(Short text fragments from websites)
------------------------------------

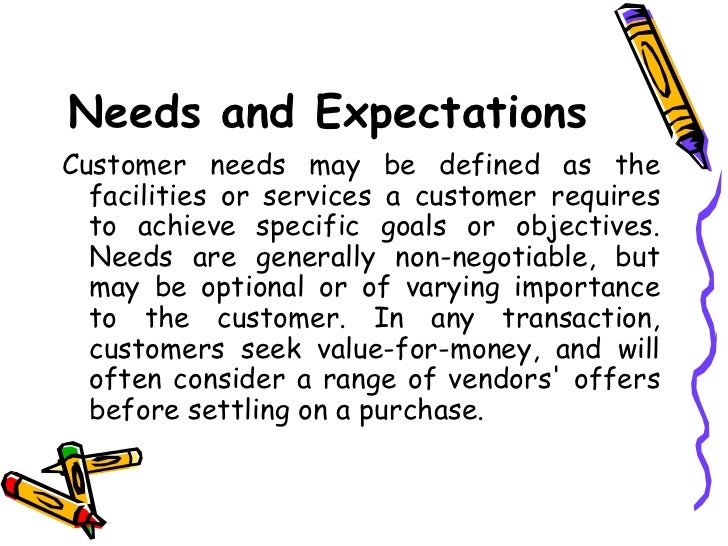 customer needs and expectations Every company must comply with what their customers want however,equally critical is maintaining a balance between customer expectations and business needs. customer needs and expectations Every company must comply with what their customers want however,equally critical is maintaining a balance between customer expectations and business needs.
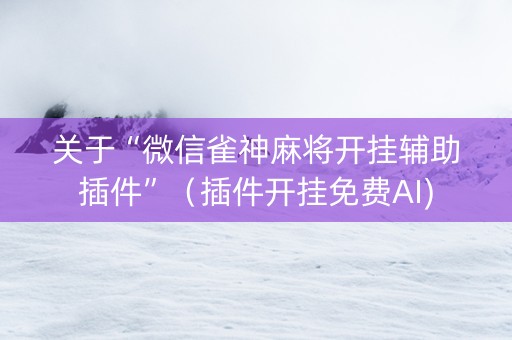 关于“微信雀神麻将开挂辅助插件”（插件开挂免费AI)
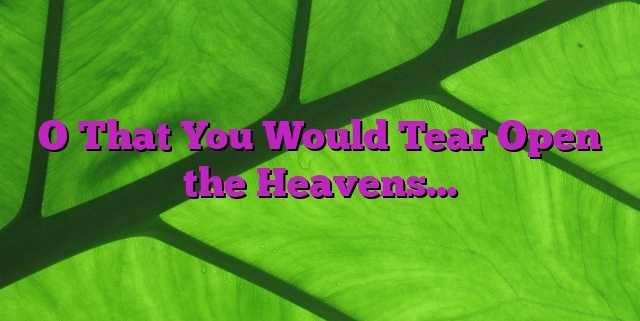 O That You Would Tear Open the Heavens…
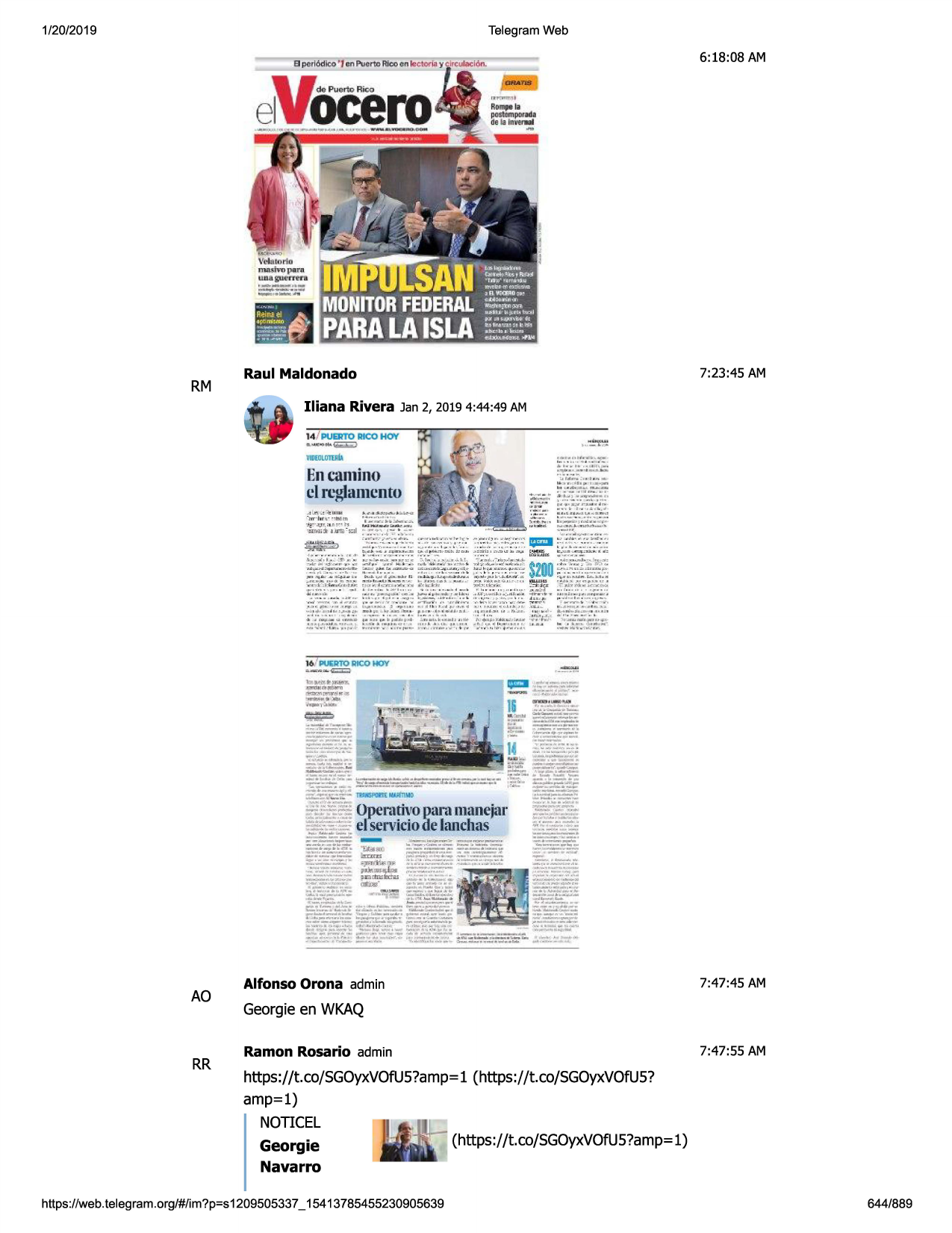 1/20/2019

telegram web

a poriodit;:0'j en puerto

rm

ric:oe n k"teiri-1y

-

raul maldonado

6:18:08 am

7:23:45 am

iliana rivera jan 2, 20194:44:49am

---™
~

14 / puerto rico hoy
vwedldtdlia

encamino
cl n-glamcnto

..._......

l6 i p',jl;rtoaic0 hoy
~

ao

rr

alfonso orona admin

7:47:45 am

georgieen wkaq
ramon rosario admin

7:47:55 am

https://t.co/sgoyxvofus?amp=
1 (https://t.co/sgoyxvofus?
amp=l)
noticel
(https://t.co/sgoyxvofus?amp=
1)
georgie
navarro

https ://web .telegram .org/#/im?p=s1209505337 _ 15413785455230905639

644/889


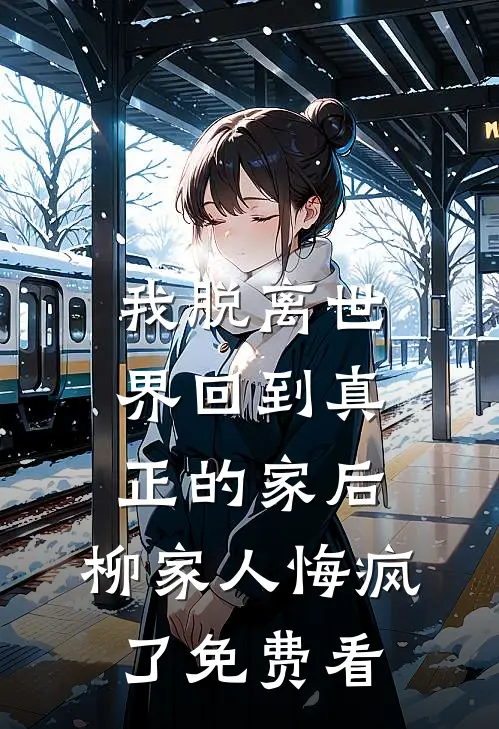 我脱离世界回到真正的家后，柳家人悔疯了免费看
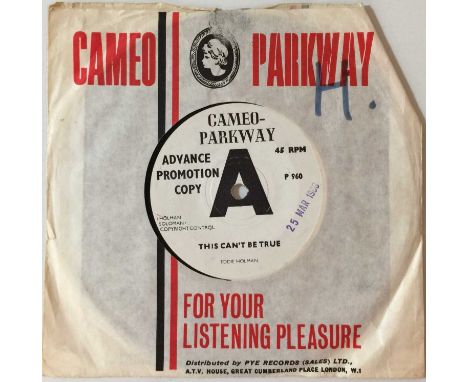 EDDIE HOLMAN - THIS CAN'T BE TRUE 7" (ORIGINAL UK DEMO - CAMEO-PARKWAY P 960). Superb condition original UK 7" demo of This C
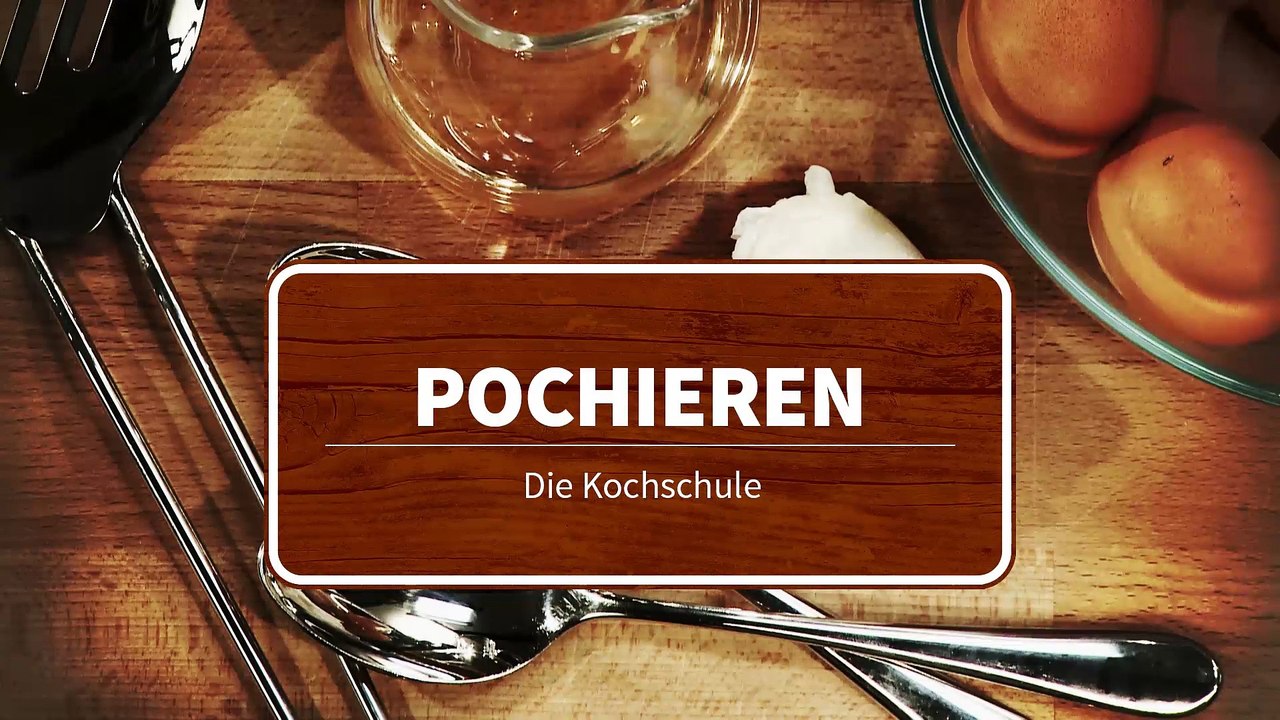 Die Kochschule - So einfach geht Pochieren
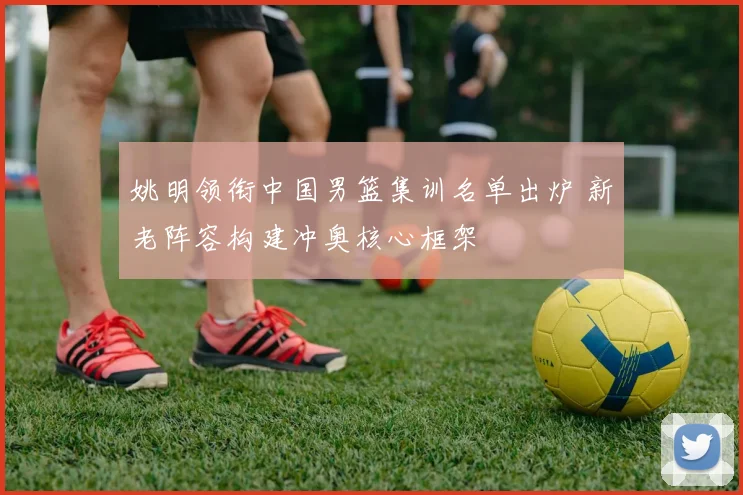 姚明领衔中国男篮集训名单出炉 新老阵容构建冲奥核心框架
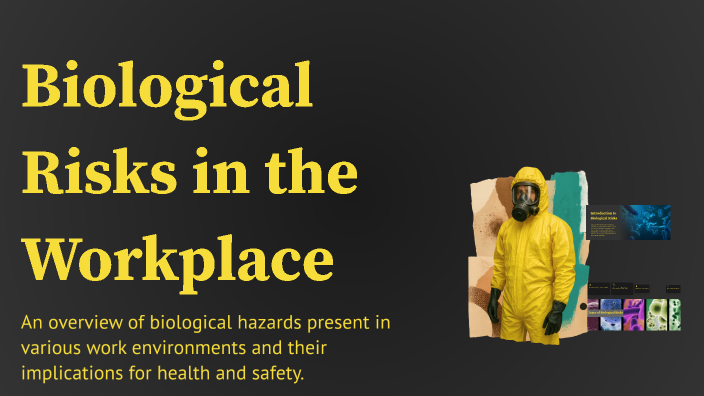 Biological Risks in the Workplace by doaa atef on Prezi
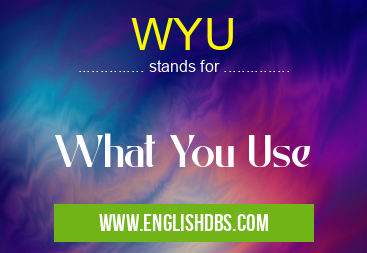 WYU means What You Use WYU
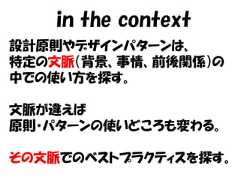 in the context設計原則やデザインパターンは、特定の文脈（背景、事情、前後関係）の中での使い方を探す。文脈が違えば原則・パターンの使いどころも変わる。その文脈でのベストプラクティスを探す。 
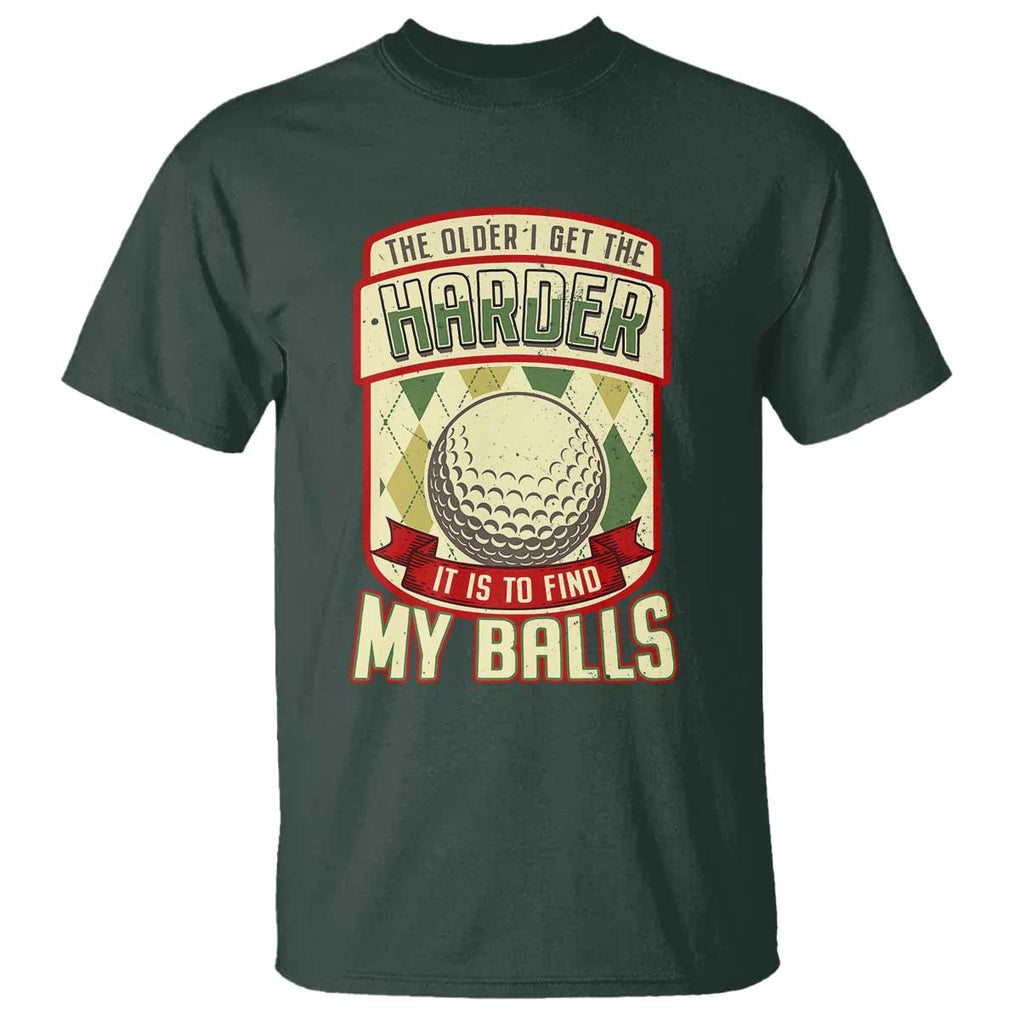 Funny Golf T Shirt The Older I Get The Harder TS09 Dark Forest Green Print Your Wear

------------------------------------

**WORK ORDER**
Return, exactly as they appear, the lines from the line containing "姚明领衔中国男篮集训名单出炉 新老阵容构建冲奥核心框架" through the end of the records above, both ends included, without pictures.

**REPLY TO THE TASK**
 姚明领衔中国男篮集训名单出炉 新老阵容构建冲奥核心框架
 Biological Risks in the Workplace by doaa atef on Prezi
 WYU means What You Use WYU
 in the context設計原則やデザインパターンは、特定の文脈（背景、事情、前後関係）の中での使い方を探す。文脈が違えば原則・パターンの使いどころも変わる。その文脈でのベストプラクティスを探す。 
 Funny Golf T Shirt The Older I Get The Harder TS09 Dark Forest Green Print Your Wear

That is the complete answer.